Scraping All Content of unstructured website

Hey guys,

How are you? I understand how to use Bardeen for scraping of websites that are quite structured. Thanks so much also on helping me out with Google Maps and LinkedIN the other day!

Here is a new use case: I was wondering, if there is a way to use bardeen to scrape a website that has a huge amount of sub-pages and is quite unstructured overall. Here is the website of the German Tax Ministry: BMF - Amtliches Einkommensteuer-Handbuch

They have an html based ebook that explains you how to do your tax declaration. The Problem is, that there are a ton of sub-pages, and you need to click on hyperlinks to open them. Many sub-pages have further sub-pages. Also, the structure is different on each page.

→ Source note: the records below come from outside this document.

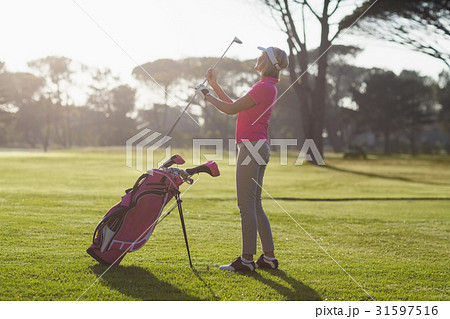 Full length of woman carrying golf club Full length of woman carrying golf club 31597516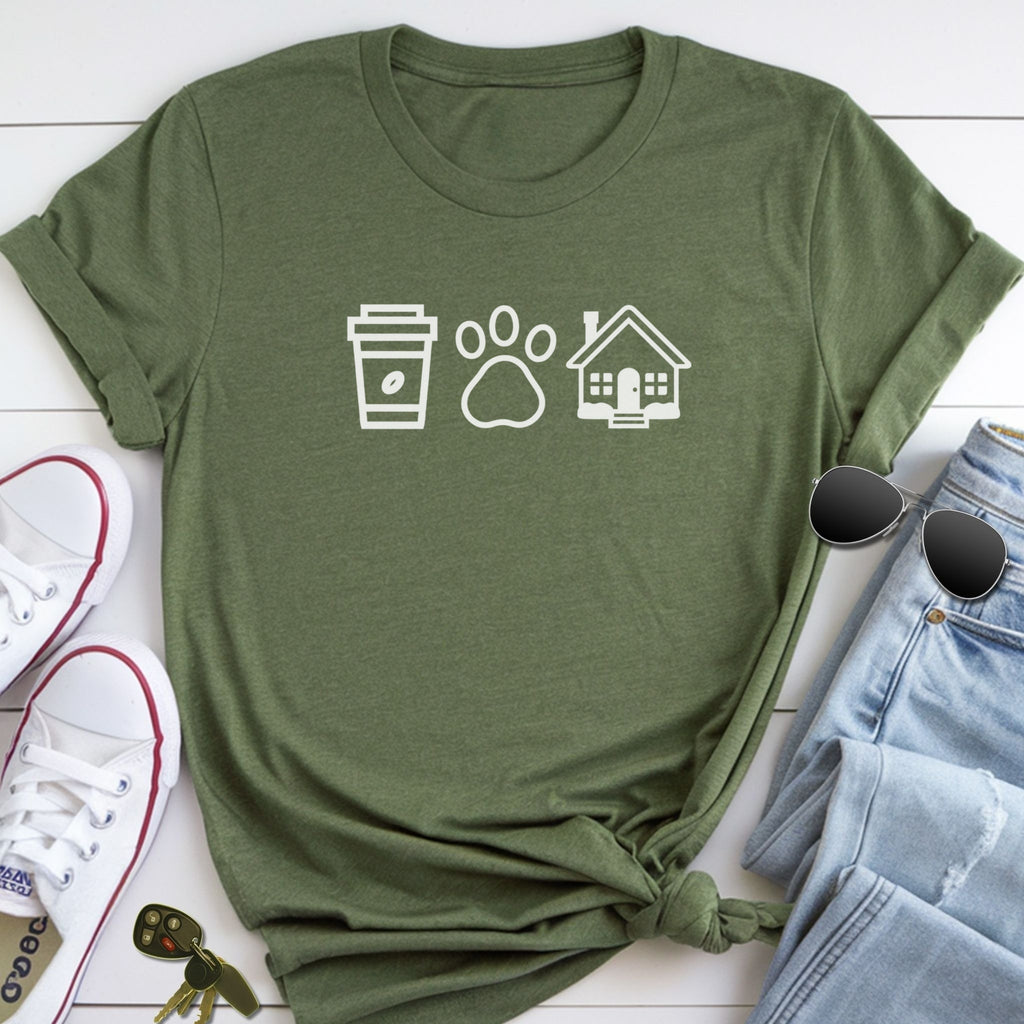 A green t-shirt with white icons of a coffee cup, a paw print, and a house, along with a pair of jeans, sunglasses, and a pair of white sneakers.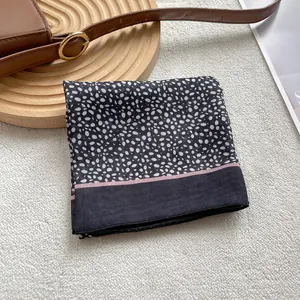 Detailed texture of black and white pebble print silk scarf with pink accent border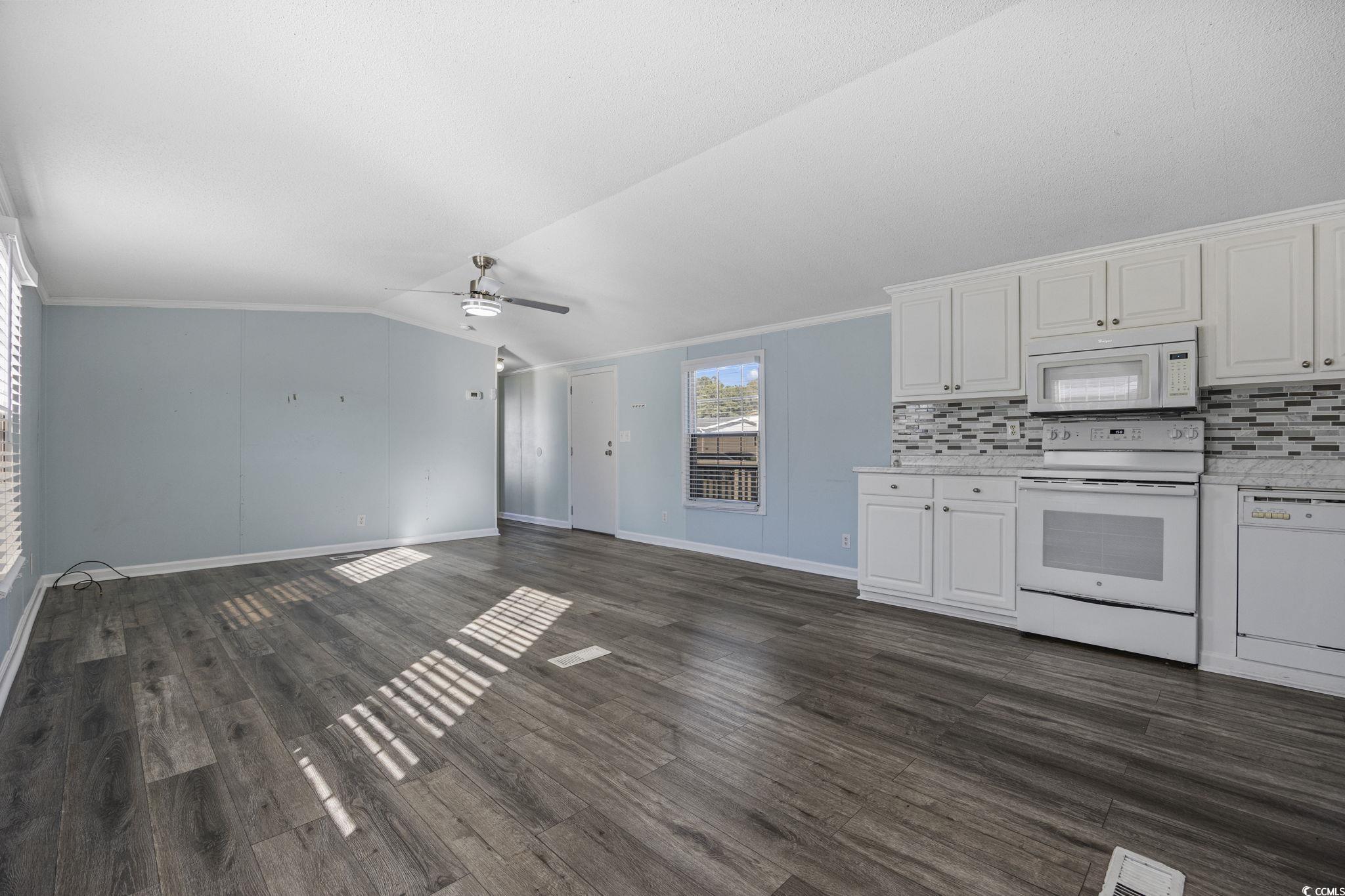 2000 Highway 15 Myrtle Beach, SC 29577 - Photo 27 of 27 Kitchen featuring white appliances, white cabinetry, vaulted ceiling, dark wood finished floors, and open floor plan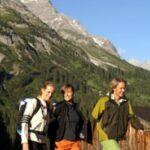 Drei Personen in Wanderkleidung gehen an einem sonnigen Tag im Freien spazieren, mit Bergen und Bäumen im Hintergrund.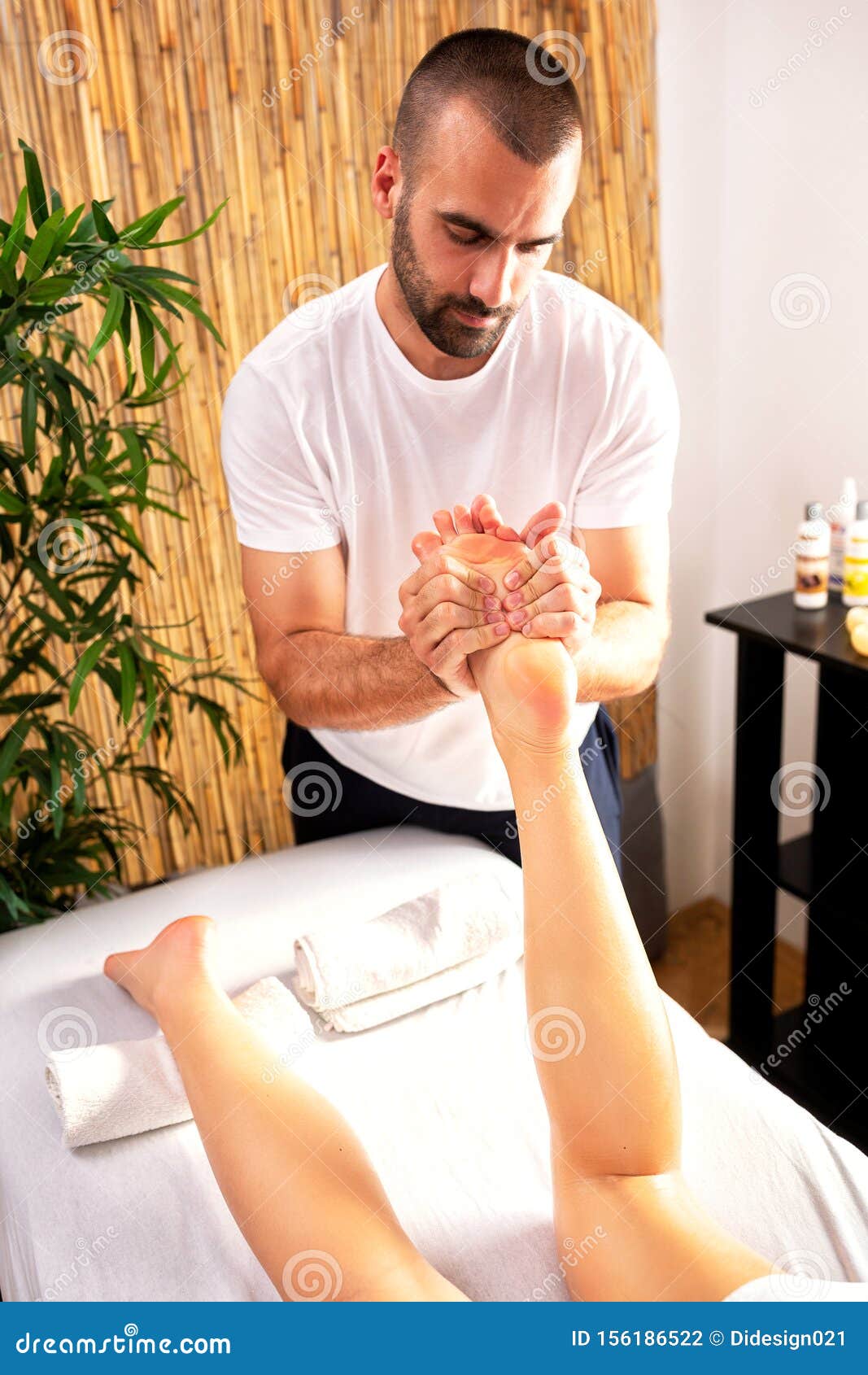 Masseur Helping His Client With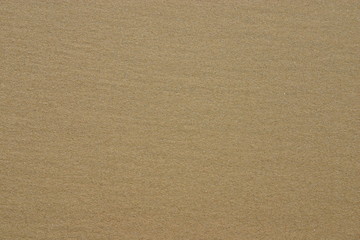 Closeup of sand at the beach. Suitable for background use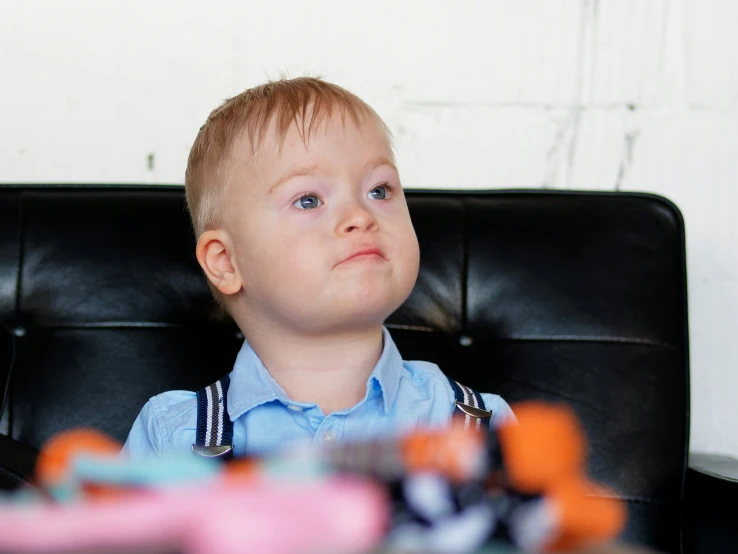 a  sitting on a chair with his eyes open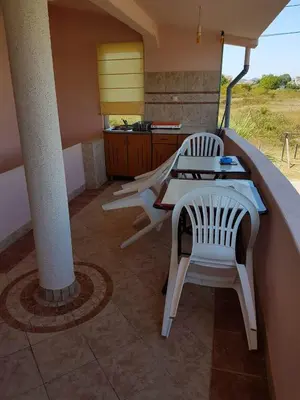 a patio with two white chairs and a table at Family Apartments Pepic in Ulcinj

I was wondering if there is maybe a tool to first get all the sub-urls of a given website somehow, and then do a complete scrape of all the sub-pages?

As a final output, I’d like to create a PDF which I want to use for a GermanTaxGPT.

How would you approach this?

Hi Moritz,

We’re so glad to hear you’re moving on to more advanced use cases with Bardeen and exploring the world of possibilities.

We can use a custom scraper with a CSS selector that looks for all links on a page and then scrape those pages. I have created two playbooks for you (linked below) that do just that

  1. Playbook 1 (file:///C:/Users/v3119/Pictures/Screenpresso/2023-11-22_18h15_39.gif): You’ll need to open the main page you shared in your initial message, run this playbook to scrape all the links from the website. It will then output it to a Google Sheet. However, because many of the links are duplicated, you can a run ‘Remove duplicates’ on Google Sheets.

  2. Playbook 2: This will open all the links, take the html of the page, convert it to text and output it to a google doc.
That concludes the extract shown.